[WORK INSTRUCTION]: From the entries below, reproduce exactly the lines from the one with "Dark t-shirt with" through the one with "Stone fireplace mantel", both included, without images.
════════
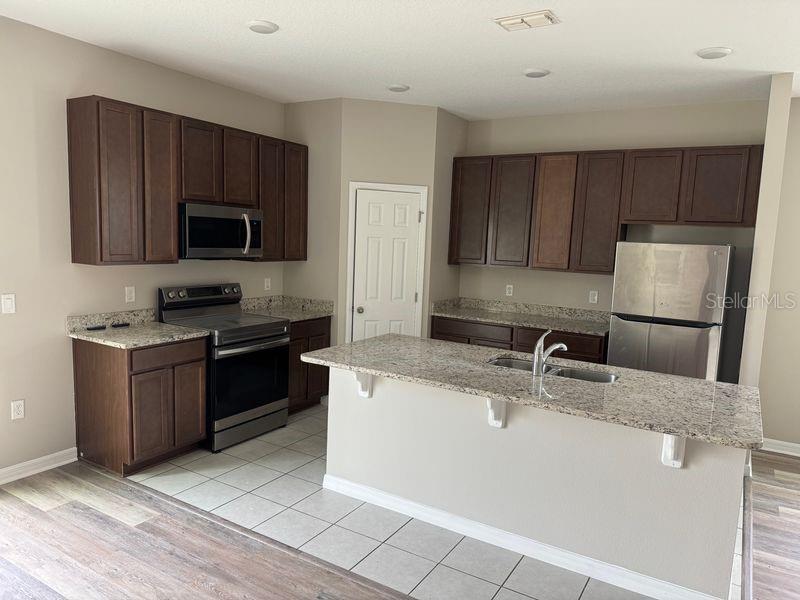 A kitchen features dark wood cabinets, granite countertops, stainless steel appliances, and a central island — 3345 CURLEW AVENUE, LEESBURG, FL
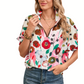 A person wearing the Shewin Floral Print Boho Pop of Color Neckline Blouse with puff sleeves, adorned with multiple necklaces, paired effortlessly with blue jeans.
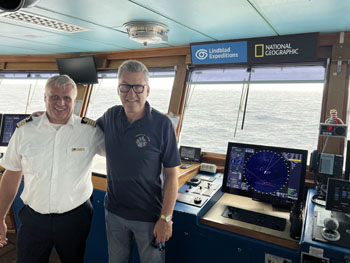 Administrator Philip Kendall with Captain Peik Aalto on the bridge of the National Geographic Explorer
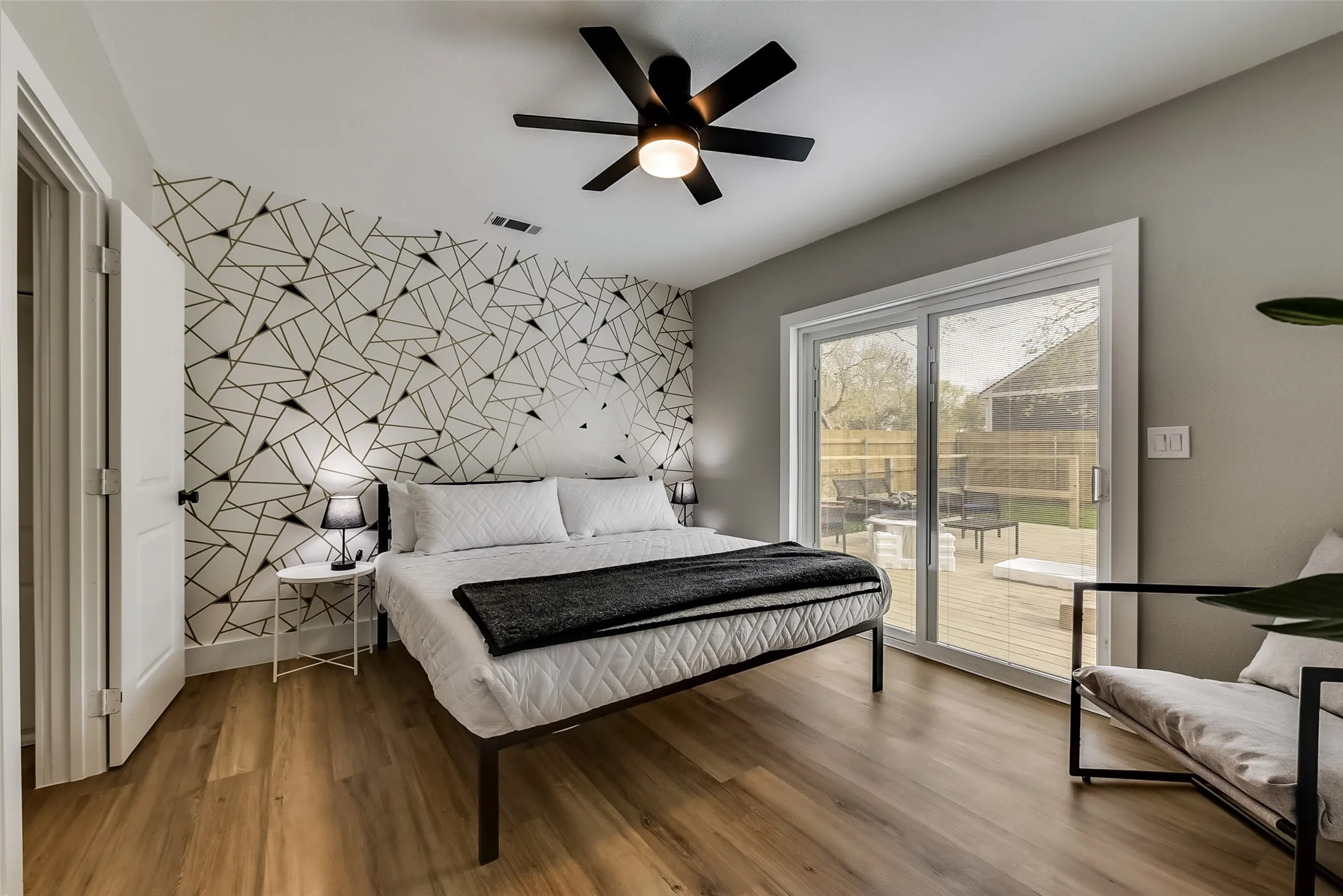Bedroom featuring wood finished floors, visible vents, an accent wall, a ceiling fan, and access to exterior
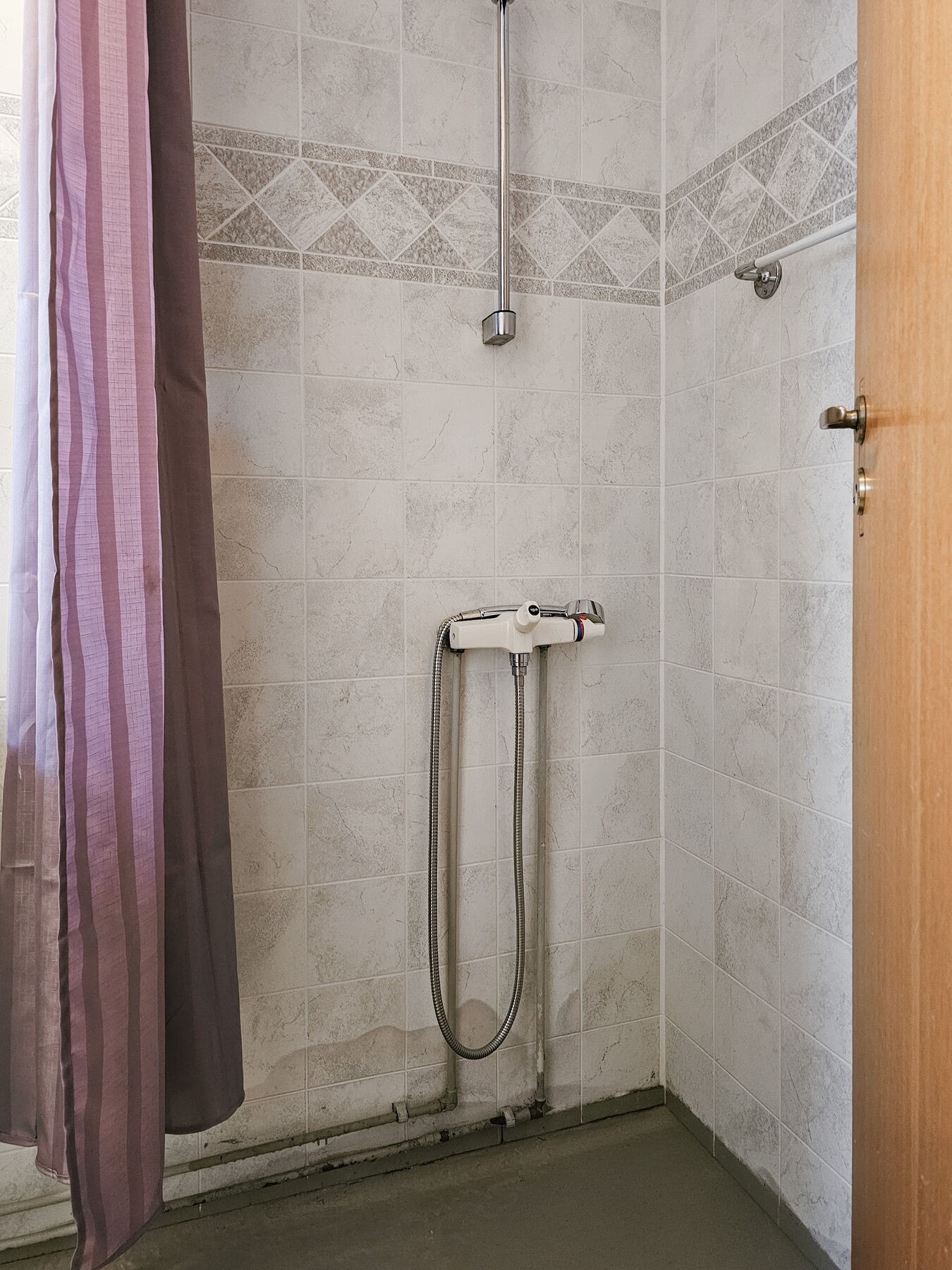 Baderommet er utstyrt med toalett, servant, dusj på vegg og provisorisk opplegg for vaskemaskin. Galleribilde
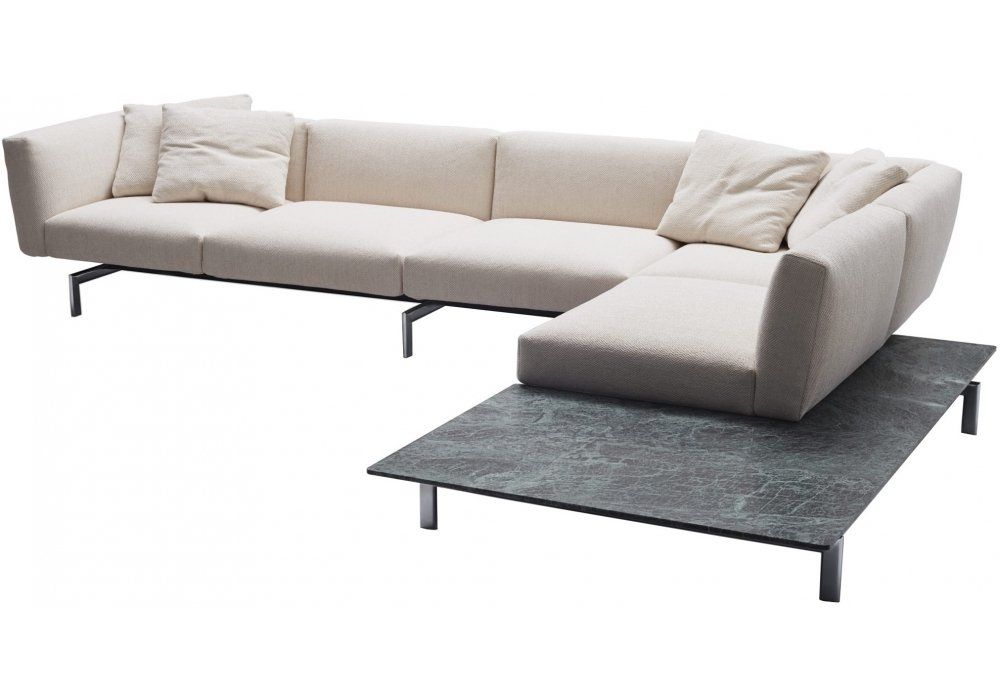 Eine weiße Sofagarnitur mit einem schwarzen Tisch darunter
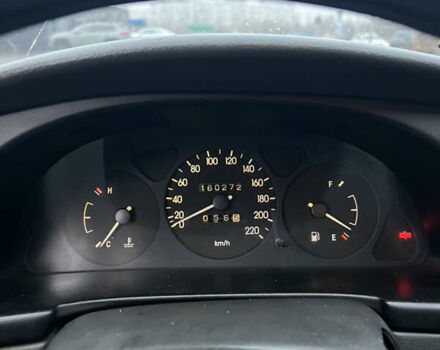 Черный Дэу Ланос, объемом двигателя 1.5 л и пробегом 161 тыс. км за 1950 $, фото 4 на Automoto.ua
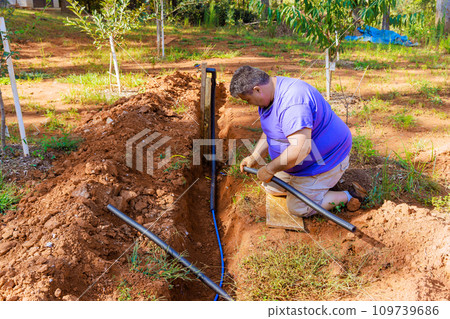 Underground PVC water pipe is thermally insulated with PE foam coated by plumber 109739686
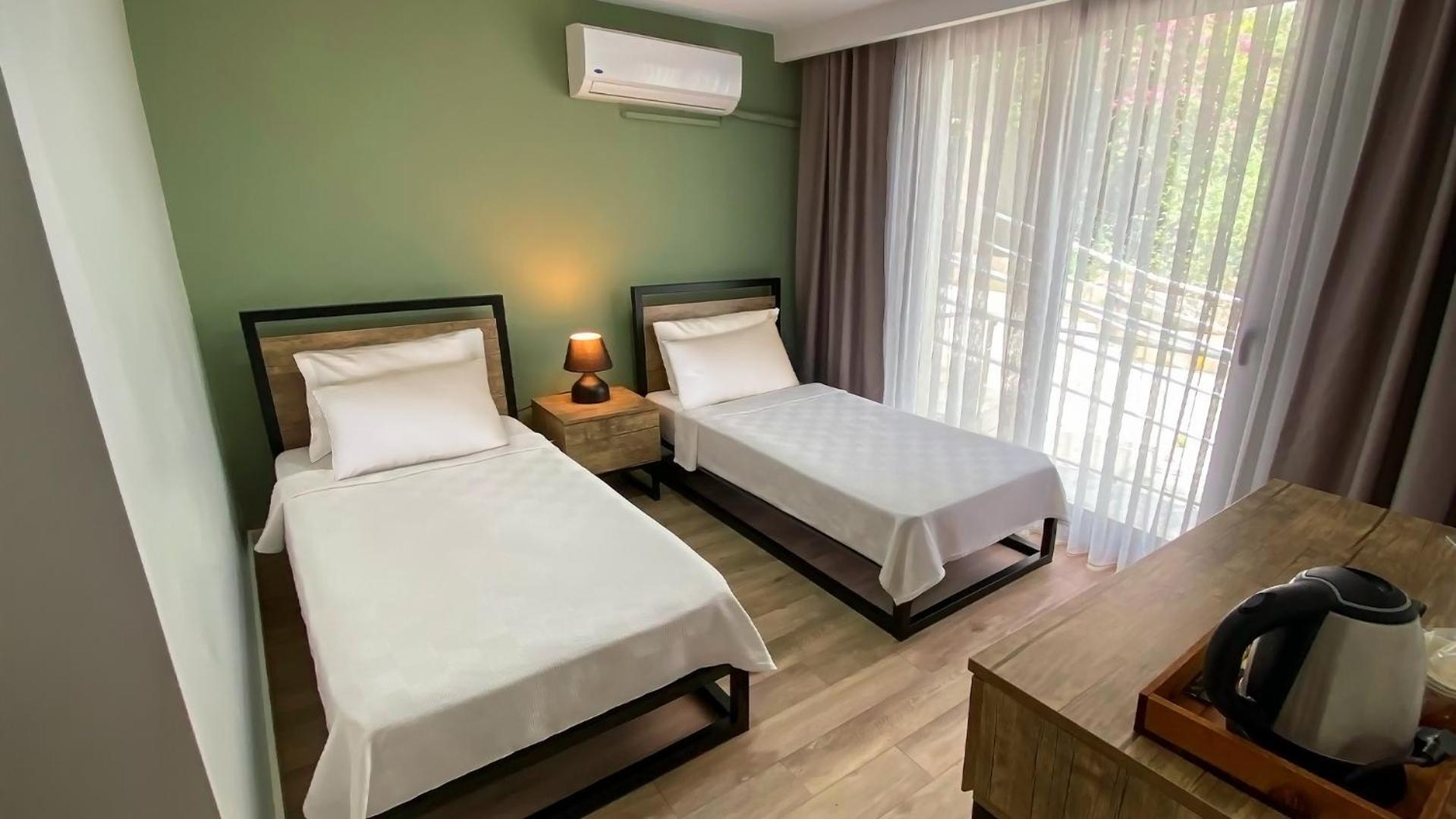 Sahil Butik Otel Кешме Экстерьер фото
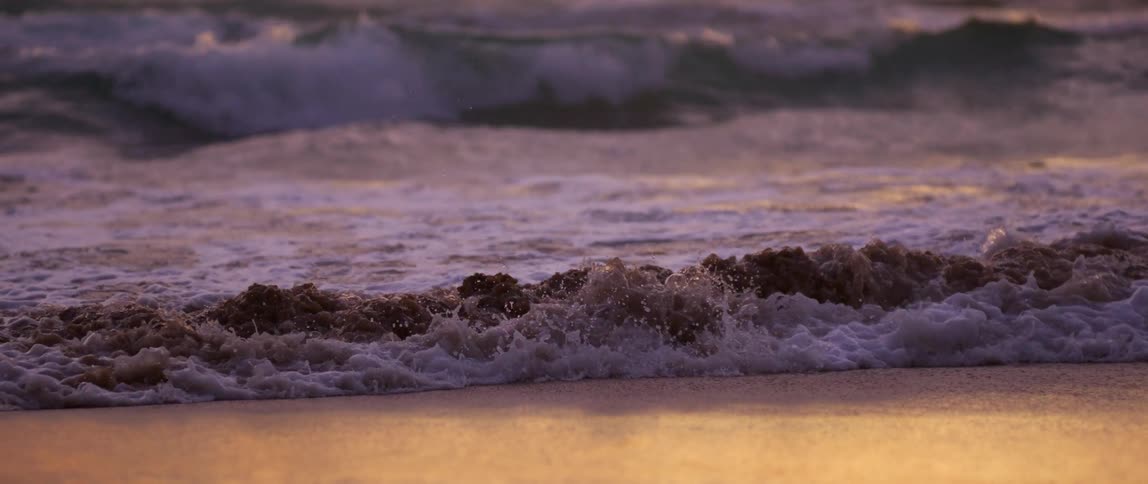 Waves on the edge of the beach with the reflection of the sun at dawn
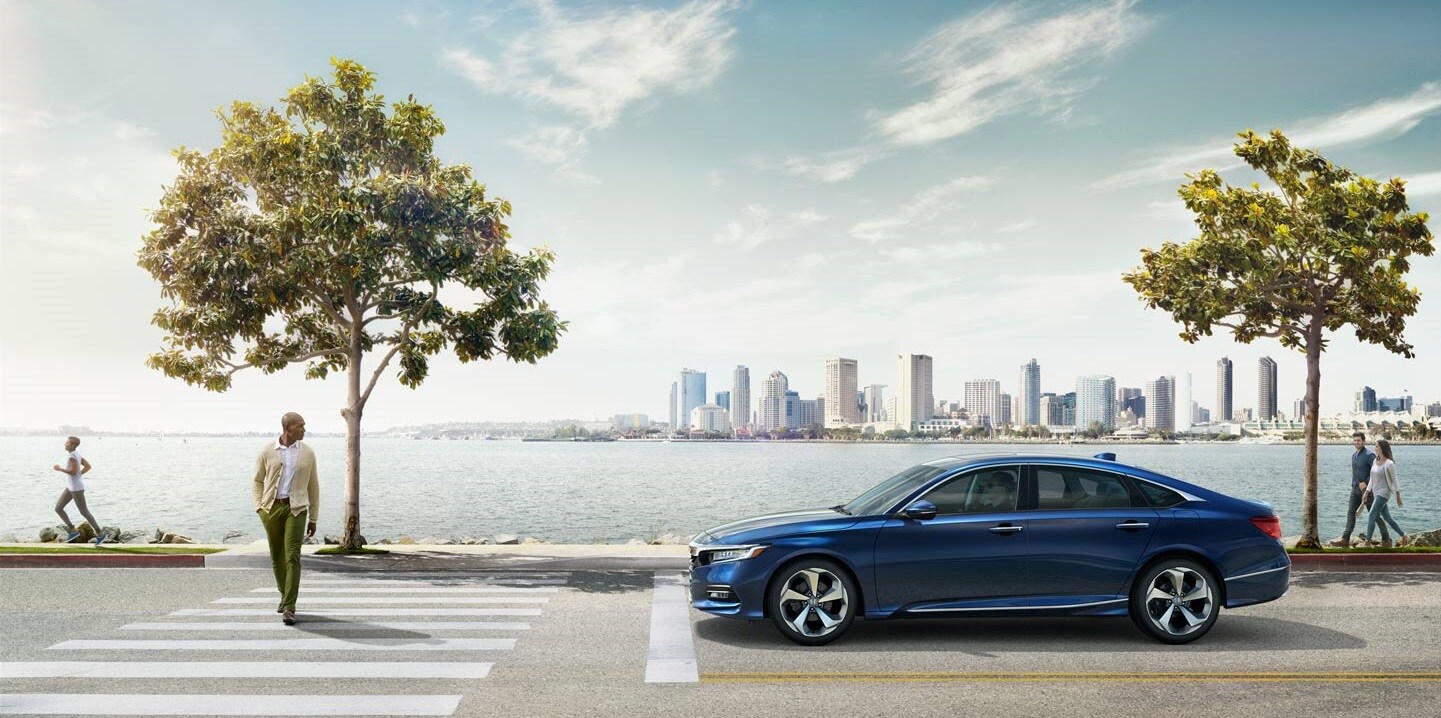 2019-Honda-Accord-Touring-Sedan-L01.jpg 2019 Honda Accord at a crosswalk with a city landscape background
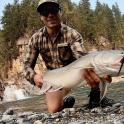 a man holding a large fish in front of a river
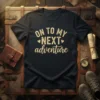 Dark t-shirt with "ON TO MY NEXT adventure" text in a cream vintage font, featuring small heart accents
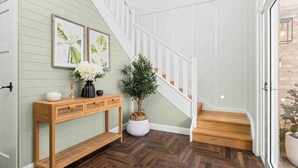 A wooden console table with a vase of flowers, a potted plant, and a wall-mounted picture frame in a hallway with herringbone-patterned flooring and a white staircase. - 4BDR, Fireplace, Pool & Pet friendly (Milton)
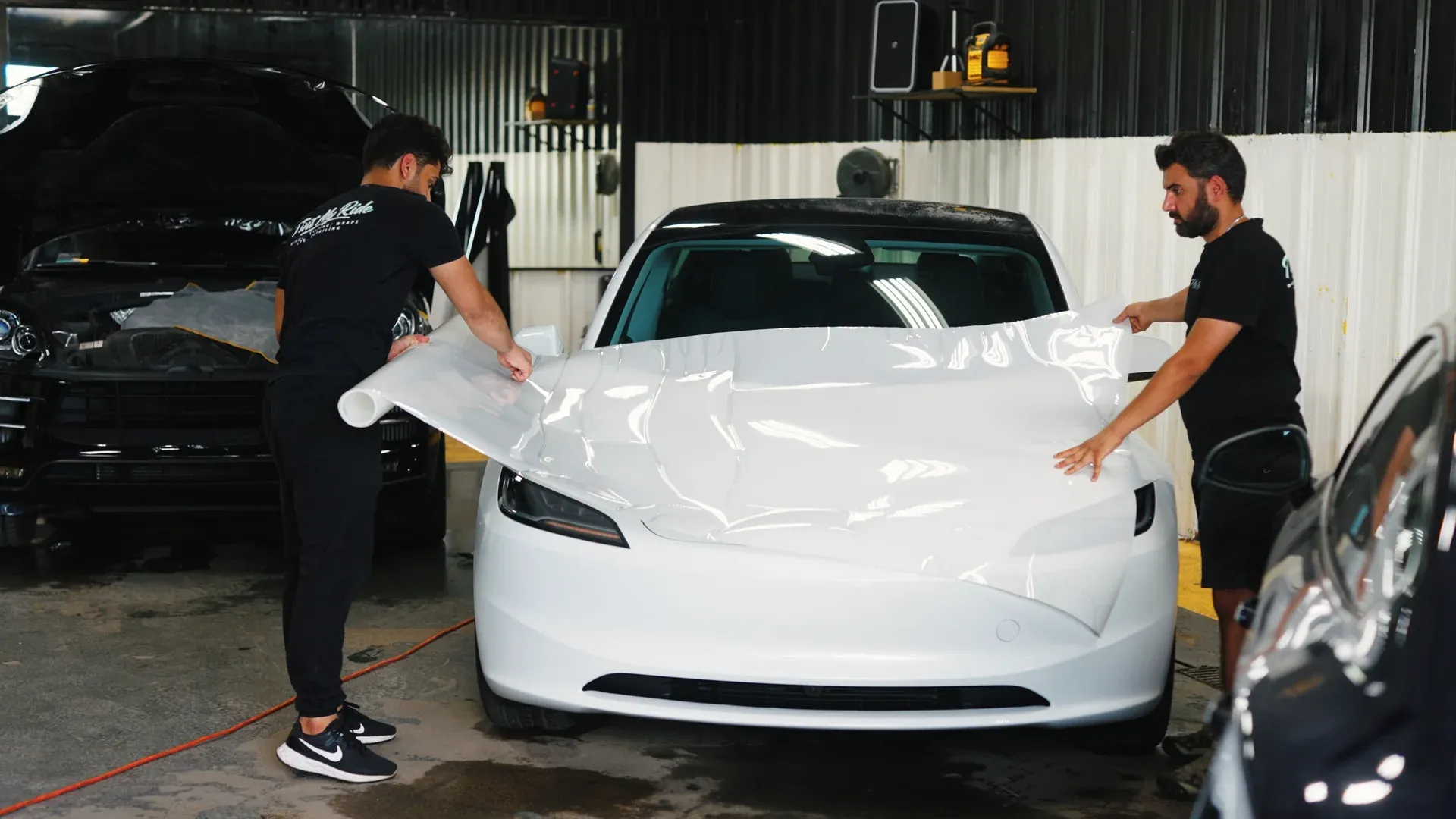 Two technicians positioning paint protection film across a white vehicle hood.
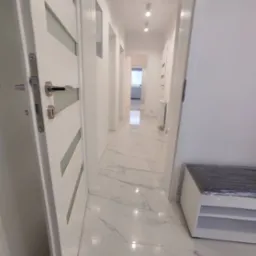 Biały korytarz z marmurową podłogą, widok na wnętrze przez otwarte drzwi, minimalistyczny styl, z widoczną ławką z tworzywa.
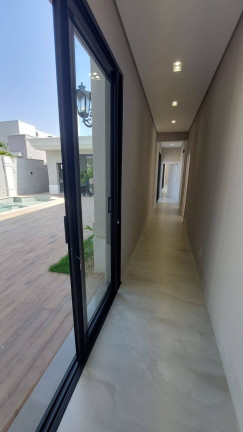 Imagem Casa com 4 Quartos à Venda, 693 m² em Condomínio Florais Itália - Cuiabá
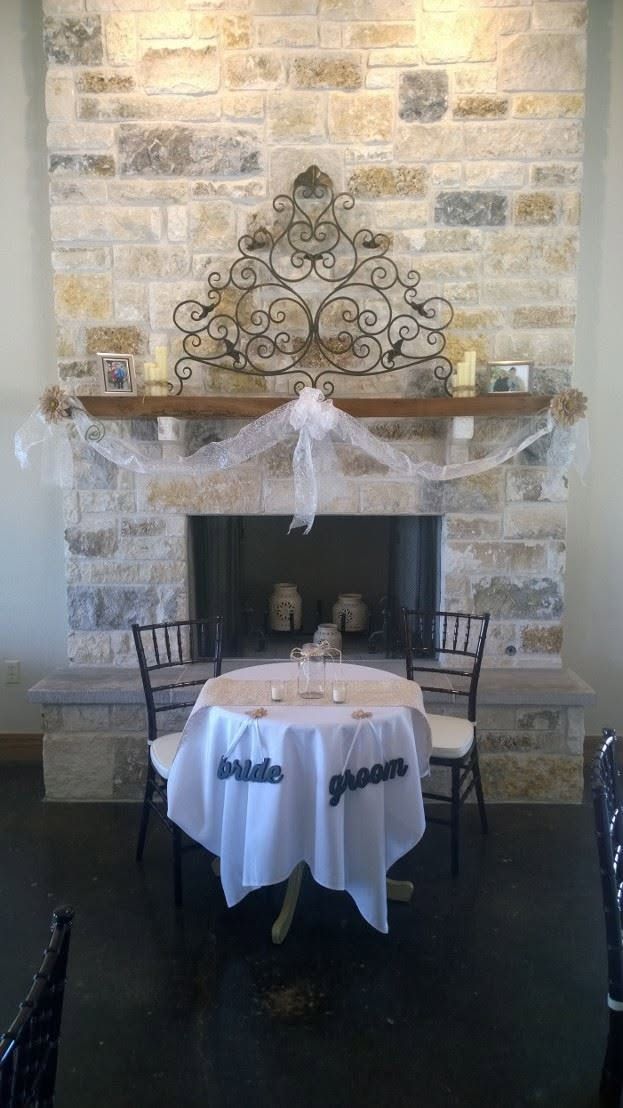 Stone fireplace mantel with ornate black metal decor and white ribbon garland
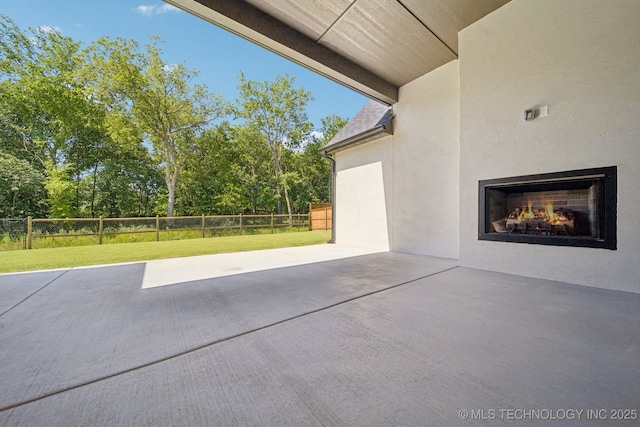 682 W 113th Ct S, Jenks, OK 74037 - fenced backyard with a warm lit fireplace, a patio area, and view of wooded area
════════
[SOLUTION FOR THIS EXERCISE]:
 Dark t-shirt with "ON TO MY NEXT adventure" text in a cream vintage font, featuring small heart accents
 A wooden console table with a vase of flowers, a potted plant, and a wall-mounted picture frame in a hallway with herringbone-patterned flooring and a white staircase. - 4BDR, Fireplace, Pool & Pet friendly (Milton)
 Two technicians positioning paint protection film across a white vehicle hood.
 Biały korytarz z marmurową podłogą, widok na wnętrze przez otwarte drzwi, minimalistyczny styl, z widoczną ławką z tworzywa.
 Imagem Casa com 4 Quartos à Venda, 693 m² em Condomínio Florais Itália - Cuiabá
 Stone fireplace mantel with ornate black metal decor and white ribbon garland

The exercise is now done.